*Dataset records*
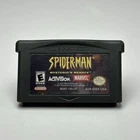 Spider-Man : Mysterio's Menace (Nintendo Game Boy Advance GBA, 2001) Cart Only
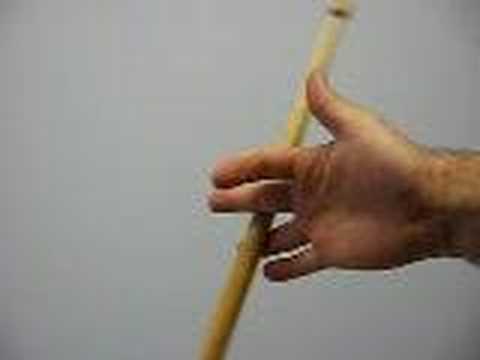 DRUMSTICK SPINNING, LESSON THREE!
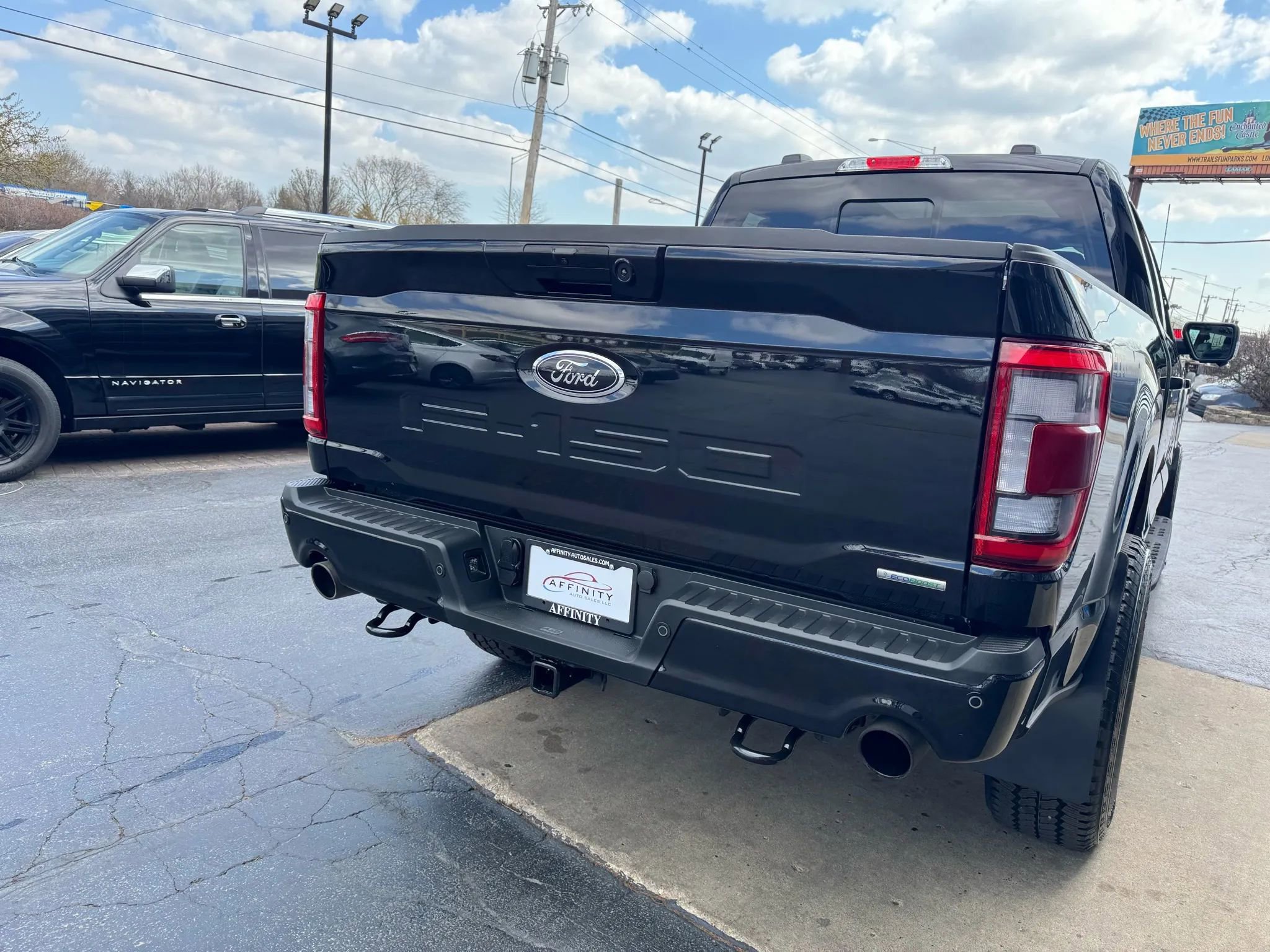 Used 2023 Ford F150 Tremor w/ Equipment Group 402A High image 4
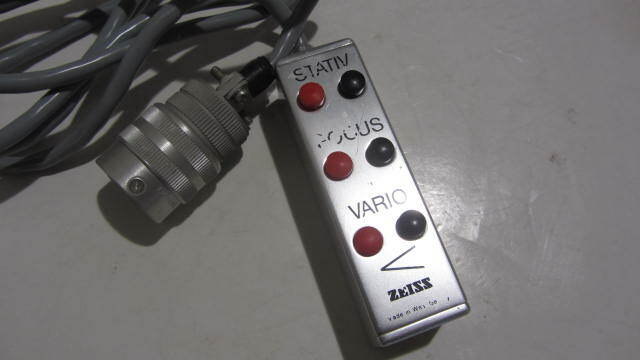 Carl Zeiss Microscope Stativ Focus Vario Remote Control (Warranty)
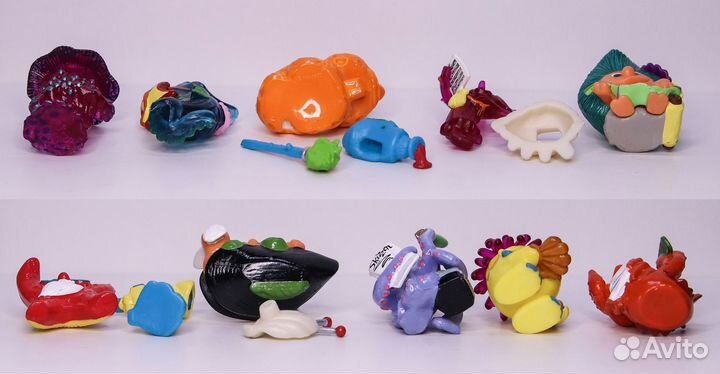 Подводный мир / Аквалэнд 1997 г. Киндер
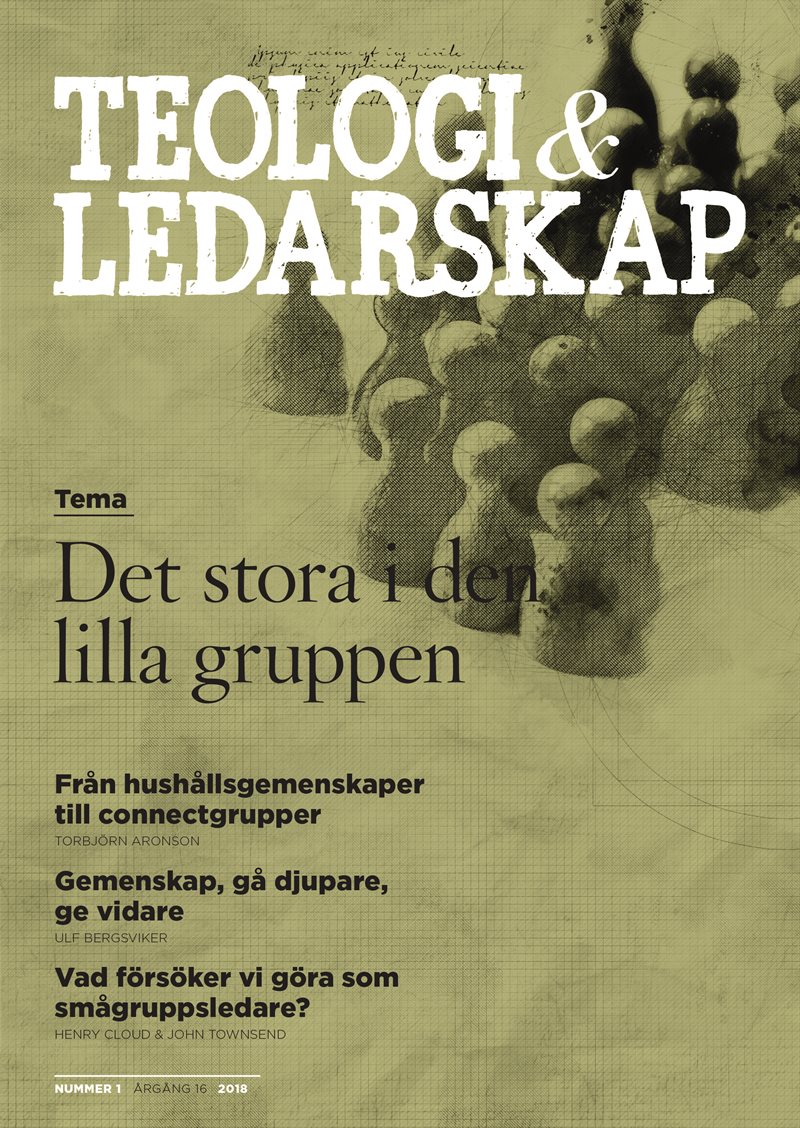 Teologi & Ledarskap 1(2018)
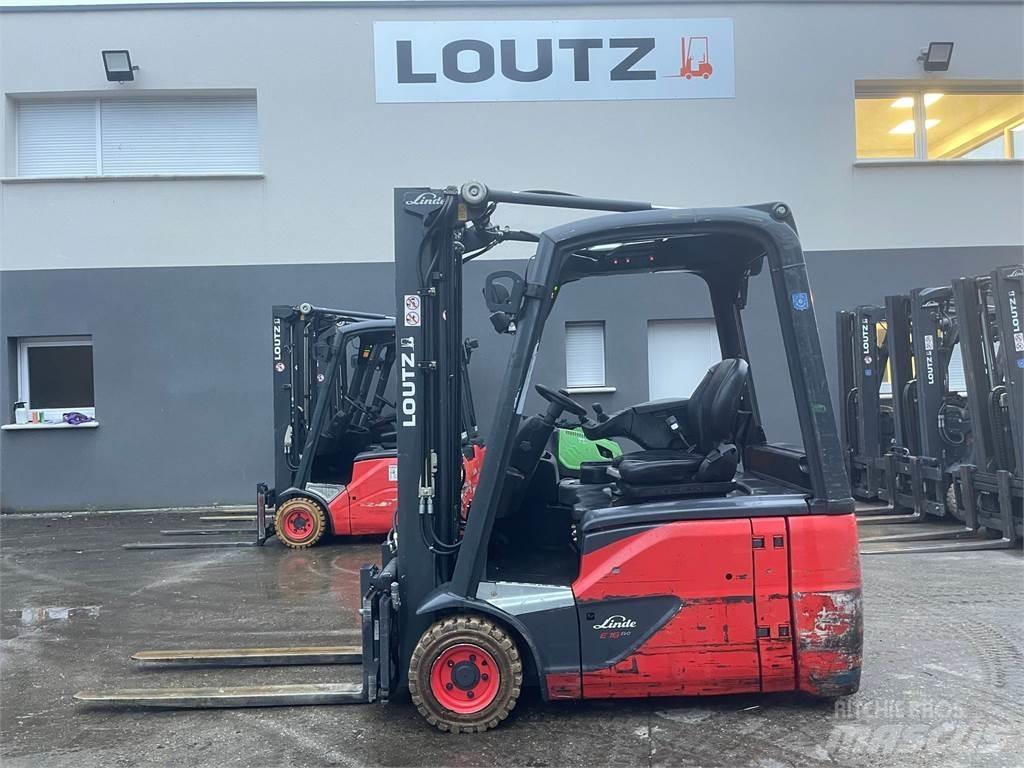 Linde E16-02 그 외 지게차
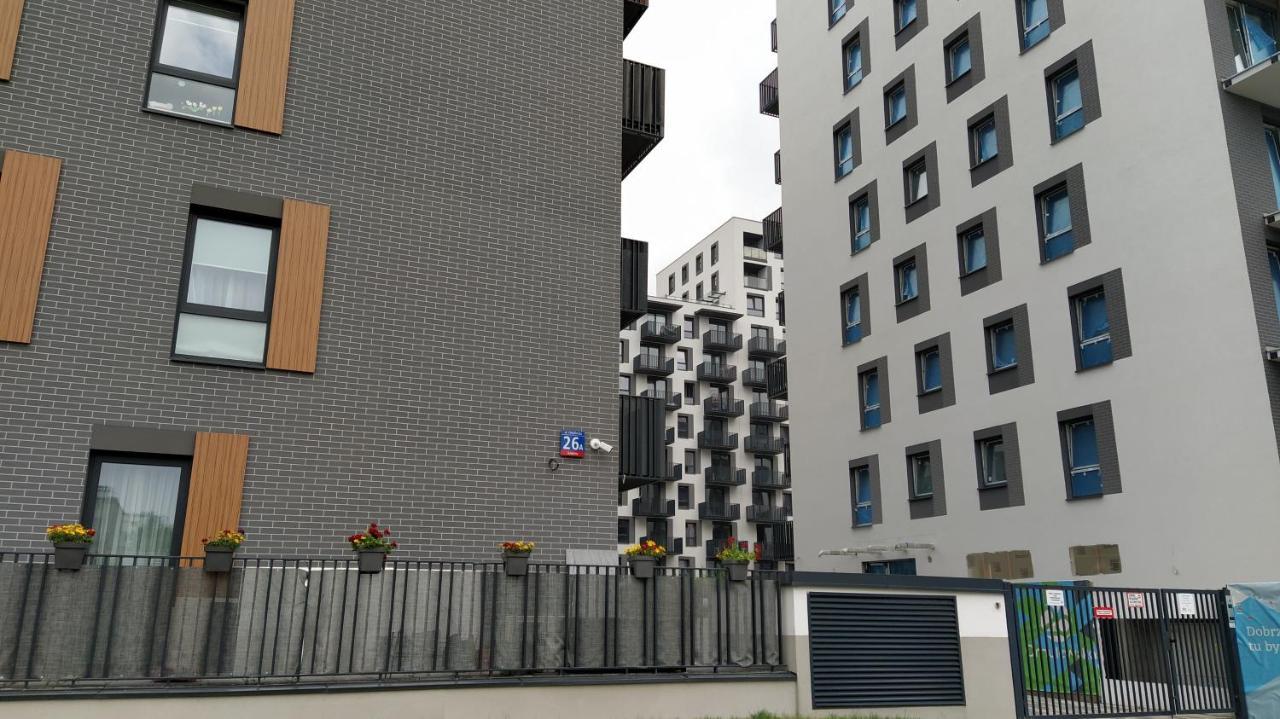 Grochowska Apartment وارسو المظهر الخارجي الصورة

*How to complete this task*
A faithful reproduction of every entry, with no pictures, is the expected answer.

*Problem solution*
 Spider-Man : Mysterio's Menace (Nintendo Game Boy Advance GBA, 2001) Cart Only
 DRUMSTICK SPINNING, LESSON THREE!
 Used 2023 Ford F150 Tremor w/ Equipment Group 402A High image 4
 Carl Zeiss Microscope Stativ Focus Vario Remote Control (Warranty)
 Подводный мир / Аквалэнд 1997 г. Киндер
 Teologi & Ledarskap 1(2018)
 Linde E16-02 그 외 지게차
 Grochowska Apartment وارسو المظهر الخارجي الصورة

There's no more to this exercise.